*Materials provided*:
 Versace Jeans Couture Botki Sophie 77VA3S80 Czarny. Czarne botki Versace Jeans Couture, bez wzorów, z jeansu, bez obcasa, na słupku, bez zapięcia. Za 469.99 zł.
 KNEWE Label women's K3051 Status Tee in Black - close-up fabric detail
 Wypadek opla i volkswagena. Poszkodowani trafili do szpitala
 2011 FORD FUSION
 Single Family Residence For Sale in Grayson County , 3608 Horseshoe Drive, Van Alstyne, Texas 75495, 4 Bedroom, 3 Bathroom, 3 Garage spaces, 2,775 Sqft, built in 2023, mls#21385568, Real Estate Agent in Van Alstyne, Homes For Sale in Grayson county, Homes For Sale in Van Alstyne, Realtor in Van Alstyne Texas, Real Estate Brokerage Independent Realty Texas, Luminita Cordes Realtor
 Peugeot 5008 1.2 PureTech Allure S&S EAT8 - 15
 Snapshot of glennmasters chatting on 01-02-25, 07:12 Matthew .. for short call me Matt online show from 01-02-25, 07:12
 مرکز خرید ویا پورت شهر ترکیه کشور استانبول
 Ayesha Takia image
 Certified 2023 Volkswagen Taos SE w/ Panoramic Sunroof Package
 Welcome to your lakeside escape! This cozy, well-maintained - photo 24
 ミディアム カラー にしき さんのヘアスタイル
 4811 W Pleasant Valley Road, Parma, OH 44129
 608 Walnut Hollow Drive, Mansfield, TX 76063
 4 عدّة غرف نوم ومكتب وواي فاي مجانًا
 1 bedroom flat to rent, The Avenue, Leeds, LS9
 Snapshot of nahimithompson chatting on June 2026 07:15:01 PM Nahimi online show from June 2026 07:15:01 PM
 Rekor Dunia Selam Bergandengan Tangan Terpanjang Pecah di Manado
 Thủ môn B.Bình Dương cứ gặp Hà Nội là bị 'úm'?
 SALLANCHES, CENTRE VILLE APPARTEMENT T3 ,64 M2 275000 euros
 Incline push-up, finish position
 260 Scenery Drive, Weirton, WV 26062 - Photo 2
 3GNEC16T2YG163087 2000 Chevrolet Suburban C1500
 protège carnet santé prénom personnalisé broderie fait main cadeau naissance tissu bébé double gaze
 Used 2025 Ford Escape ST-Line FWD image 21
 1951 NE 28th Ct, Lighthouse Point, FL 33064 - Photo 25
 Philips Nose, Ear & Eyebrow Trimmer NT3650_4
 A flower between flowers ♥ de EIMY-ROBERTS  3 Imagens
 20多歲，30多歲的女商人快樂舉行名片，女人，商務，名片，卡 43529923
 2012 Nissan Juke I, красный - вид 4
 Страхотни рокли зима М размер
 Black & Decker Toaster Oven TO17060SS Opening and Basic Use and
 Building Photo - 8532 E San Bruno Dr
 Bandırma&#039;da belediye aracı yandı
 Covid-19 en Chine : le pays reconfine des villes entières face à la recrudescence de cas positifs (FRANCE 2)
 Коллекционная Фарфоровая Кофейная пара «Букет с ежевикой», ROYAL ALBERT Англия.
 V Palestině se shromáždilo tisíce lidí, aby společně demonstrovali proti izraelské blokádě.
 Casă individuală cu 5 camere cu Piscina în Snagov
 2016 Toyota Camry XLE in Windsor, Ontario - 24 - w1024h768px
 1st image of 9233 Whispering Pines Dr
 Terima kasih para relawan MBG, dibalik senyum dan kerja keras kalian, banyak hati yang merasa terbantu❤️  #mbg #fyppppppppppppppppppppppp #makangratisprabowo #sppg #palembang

*Problem details*: Using the material above, transcribe exactly the lines from the line with "Certified 2023 Volkswagen" to the line with "608 Walnut Hollow Drive, Mansfield, TX 76063"; both count, and nothing else goes in.

*Answer to this problem*:
 Certified 2023 Volkswagen Taos SE w/ Panoramic Sunroof Package
 Welcome to your lakeside escape! This cozy, well-maintained - photo 24
 ミディアム カラー にしき さんのヘアスタイル
 4811 W Pleasant Valley Road, Parma, OH 44129
 608 Walnut Hollow Drive, Mansfield, TX 76063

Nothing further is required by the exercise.